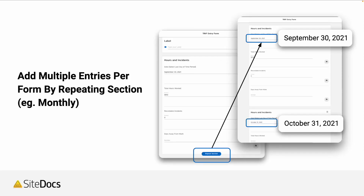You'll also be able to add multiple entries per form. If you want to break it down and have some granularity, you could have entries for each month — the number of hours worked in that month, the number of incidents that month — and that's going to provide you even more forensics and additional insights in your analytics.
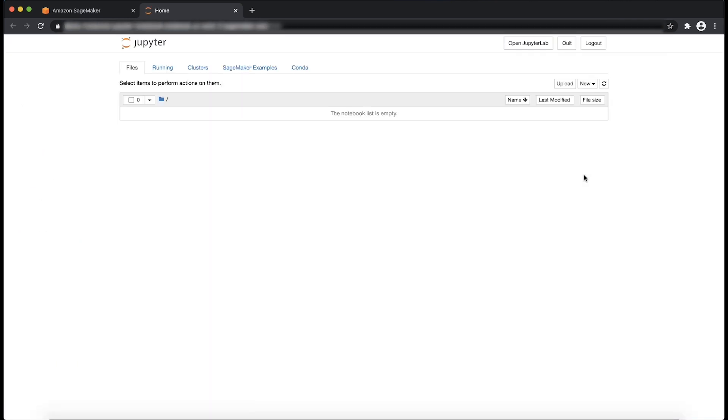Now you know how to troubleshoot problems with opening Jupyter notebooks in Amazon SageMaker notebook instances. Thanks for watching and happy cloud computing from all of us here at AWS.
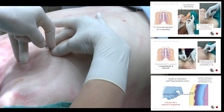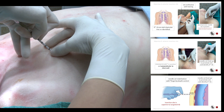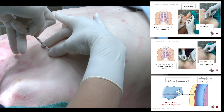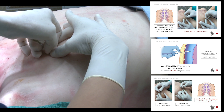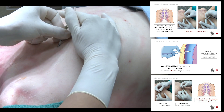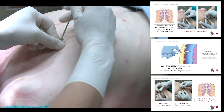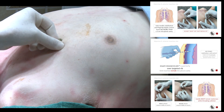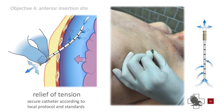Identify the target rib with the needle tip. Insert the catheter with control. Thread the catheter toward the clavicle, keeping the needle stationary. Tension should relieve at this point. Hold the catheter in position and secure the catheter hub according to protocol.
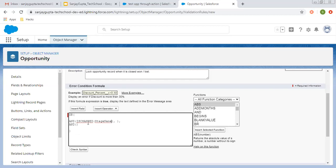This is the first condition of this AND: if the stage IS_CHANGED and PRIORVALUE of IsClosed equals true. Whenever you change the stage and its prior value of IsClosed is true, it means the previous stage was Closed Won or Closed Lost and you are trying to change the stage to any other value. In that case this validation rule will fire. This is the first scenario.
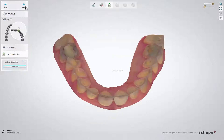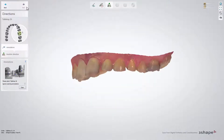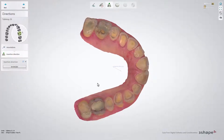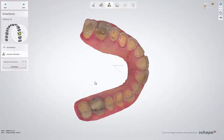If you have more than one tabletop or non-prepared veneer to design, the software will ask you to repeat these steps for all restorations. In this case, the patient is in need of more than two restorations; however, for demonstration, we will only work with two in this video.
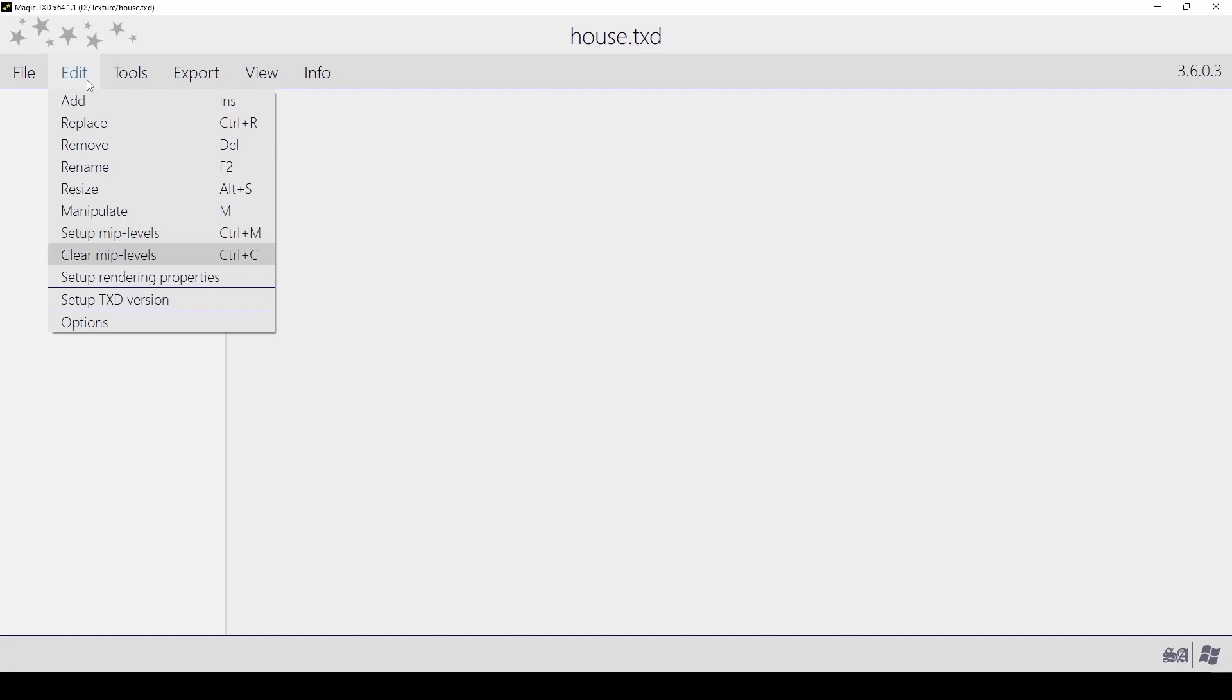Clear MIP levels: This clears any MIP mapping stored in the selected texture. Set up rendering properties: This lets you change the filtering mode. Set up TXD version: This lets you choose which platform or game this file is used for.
...
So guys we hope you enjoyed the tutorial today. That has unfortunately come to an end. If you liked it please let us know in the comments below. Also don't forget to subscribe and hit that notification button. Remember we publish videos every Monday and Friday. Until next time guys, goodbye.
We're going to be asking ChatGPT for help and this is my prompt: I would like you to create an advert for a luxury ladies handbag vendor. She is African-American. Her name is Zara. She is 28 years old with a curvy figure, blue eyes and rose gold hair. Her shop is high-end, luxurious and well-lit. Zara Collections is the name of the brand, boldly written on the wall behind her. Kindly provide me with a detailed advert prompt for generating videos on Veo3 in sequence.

■ WHAT YOU NEED TO DO
Starting at the line above that holds "Now you know", return each line up to and including the one that holds "Identify the target", exactly as written, minus any pictures.

■ RESULT OF THIS EXERCISE
Now you know how to troubleshoot problems with opening Jupyter notebooks in Amazon SageMaker notebook instances. Thanks for watching and happy cloud computing from all of us here at AWS.
Identify the target rib with the needle tip. Insert the catheter with control. Thread the catheter toward the clavicle, keeping the needle stationary. Tension should relieve at this point. Hold the catheter in position and secure the catheter hub according to protocol.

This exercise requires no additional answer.